Gideon Samson and Joren Joshua
A tale of crazy events in an ordinary school class, all about misfits and peer pressure
One day, the teacher says that, from now on, two plus two is five. Nearly everyone accepts the new maths. And other strange things happen too. Suddenly there’s a zebra in the class; she says her name is Ariane. Ozzie goes to buy a joke to impress Ziva, but can’t find one that he can afford. Noepy takes part in a demonstration against the abolition of crying. Ziva’s family take it in turns to have hiccups.
Gideon Samson, a smooth stylistic master, is known for his incisive and true-to-life books, which cleverly raise sensitive issues and take their young readers seriously. Samson’s readers are mostly teens, but in Zeb. he has written for a younger age group.

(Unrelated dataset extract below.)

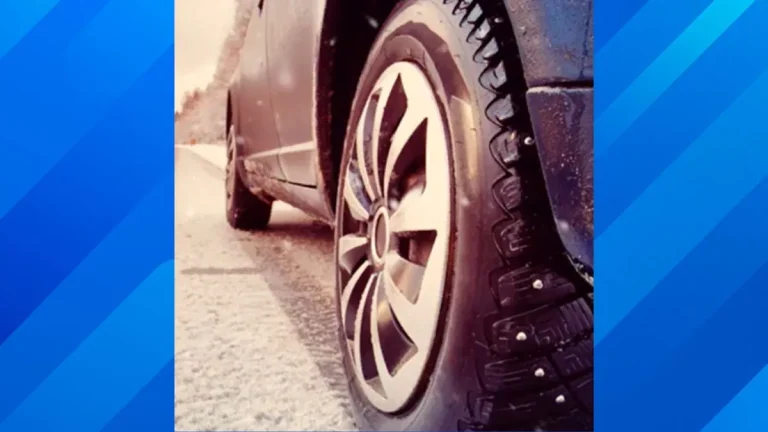 A close-up of a car tire on an open highway representing rolling resistance and fuel efficiency.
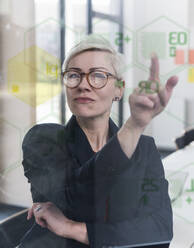 Geschäftsfrau berührt Glaswand mit Daten im Büro - UUF17908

Eleven students from one class, all aged around ten, talk about something strange that they have seen or done. Their stories are usually funny or gently philosophical. The characters sometimes just don’t seem to care if things happen that are actually impossible. And why should they?
But these stories are not as innocent as they sound. Maximiliaan lies awake for nights on end, worrying about the new maths. He really doesn’t understand why no one is protesting. Until one day he sees it for himself: two plus two really does make five. This leaves the reader in a state of confusion. Hang on, that’s not right though, is it? Or is it?
So this apparently bright and breezy world can be a little dangerous at times. And it is precisely this element that makes Samson’s work so clever. He seems, just as in his books for older children, to want to say: there’s nothing better than the imagination, but be careful what you dream up, because it might just come true. A book that will give readers plenty to talk about.